|
In this readme we want to provide some more technical information about RPM and PyRPM itself and how everything works. Some of the collected information here can be found in other documents spread out over the Internet in more detail. See the related projects section at the end of this file.
Use pychecker or pylint to improve code quality, 4 space indents and no tabs. Most scripts support giving --hotshot as first option to run them with the hotshot python profiler. oldpyrpm.py has some TODO items listed in the source.
Python is a very good scripting language. Very nice for fast prototyping and implementing new features. We currently see limits if too much data needs to be processed. This is happening with parsing xml data as well as with the huge amount of dependency data in rpm packages (where all files in rpm packages can also be used for dependencies, those are about 350000 files in FC-development).

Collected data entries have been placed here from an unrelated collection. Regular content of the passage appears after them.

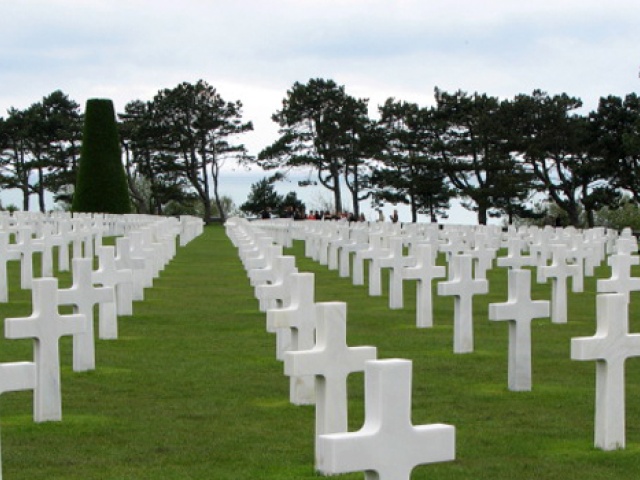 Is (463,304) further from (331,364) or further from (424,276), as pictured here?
(331,364)

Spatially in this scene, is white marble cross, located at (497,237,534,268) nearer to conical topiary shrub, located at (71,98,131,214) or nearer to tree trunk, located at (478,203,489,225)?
conical topiary shrub, located at (71,98,131,214)

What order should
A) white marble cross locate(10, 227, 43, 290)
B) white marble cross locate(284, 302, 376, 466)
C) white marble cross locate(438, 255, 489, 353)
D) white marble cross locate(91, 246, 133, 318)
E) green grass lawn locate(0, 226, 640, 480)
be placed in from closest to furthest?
white marble cross locate(284, 302, 376, 466) → green grass lawn locate(0, 226, 640, 480) → white marble cross locate(438, 255, 489, 353) → white marble cross locate(91, 246, 133, 318) → white marble cross locate(10, 227, 43, 290)

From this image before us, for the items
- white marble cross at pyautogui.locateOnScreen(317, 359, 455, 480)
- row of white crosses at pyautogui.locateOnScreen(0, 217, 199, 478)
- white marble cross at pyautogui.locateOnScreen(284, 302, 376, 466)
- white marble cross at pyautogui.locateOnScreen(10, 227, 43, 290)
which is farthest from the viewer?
white marble cross at pyautogui.locateOnScreen(10, 227, 43, 290)

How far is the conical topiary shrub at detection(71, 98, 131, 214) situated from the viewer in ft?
178

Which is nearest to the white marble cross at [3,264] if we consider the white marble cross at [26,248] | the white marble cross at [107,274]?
the white marble cross at [26,248]

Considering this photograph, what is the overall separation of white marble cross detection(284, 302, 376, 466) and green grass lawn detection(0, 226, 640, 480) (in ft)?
0.99

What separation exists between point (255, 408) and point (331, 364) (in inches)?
83.1

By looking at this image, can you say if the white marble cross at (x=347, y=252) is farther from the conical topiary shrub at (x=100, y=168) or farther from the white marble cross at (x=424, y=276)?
the conical topiary shrub at (x=100, y=168)

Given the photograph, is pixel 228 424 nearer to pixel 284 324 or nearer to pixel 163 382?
pixel 284 324

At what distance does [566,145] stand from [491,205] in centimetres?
455

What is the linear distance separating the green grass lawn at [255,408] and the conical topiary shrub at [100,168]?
40.5 meters

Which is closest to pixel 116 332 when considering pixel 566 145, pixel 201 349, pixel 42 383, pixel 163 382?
pixel 201 349

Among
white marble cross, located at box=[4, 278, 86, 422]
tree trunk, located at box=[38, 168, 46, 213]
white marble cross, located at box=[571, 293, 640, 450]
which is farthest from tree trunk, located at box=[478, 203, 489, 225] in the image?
white marble cross, located at box=[571, 293, 640, 450]

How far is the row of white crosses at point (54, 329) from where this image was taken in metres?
5.69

These python modules could see some improvements:
python-elementtree is about 3 times faster in reading in the comps.xml file compared to libxml2. elementtree still does some internal automatic detection and conversion between data encodings that looks like it might add overhead. Migrating to python-elementtree should either be done for the complete code or not at all. Since libxml2 is the default xml library, we'll stick with it for now. XML processing is one of the biggest CPU consumers right now.
gzip decompression should offer a filetype object with .read(). The current hacks in the class PyGZIP should go away.
bsddb access seems very slow (reading rpmdb)
bzip2 decompression does not have streaming support
At first we want to provide some high level information about how rpm works without going into too much techincal detail. This should help understand how rpm works and what problems it solves (and which it doesn't and why yum is needed). Following that will be a section that describes then what yum does and what problems it solves (and again, which it can't solve and which we try to solve in our yum derivate). Afterwards we will go more into the rpm binary format and the format of yum repositories as well as several interessting points about the way rpm works and the problems that appear with doing to.
Rpms whole concept is based on socalled dependencies which define the relation between packages. Those are simply expressed using Requires and Provides. In mathematical terms this can be viewed as a directed graph where the nodes are packages and the edges are requirements from packages that require something to packages that provide that requirement. To make this a little more visible here a small ascii art:
A ----> B ----> C
In this example:
A requires B
and
B requires C
So in order to be able to install A we need to install B and C as well, as B needs C.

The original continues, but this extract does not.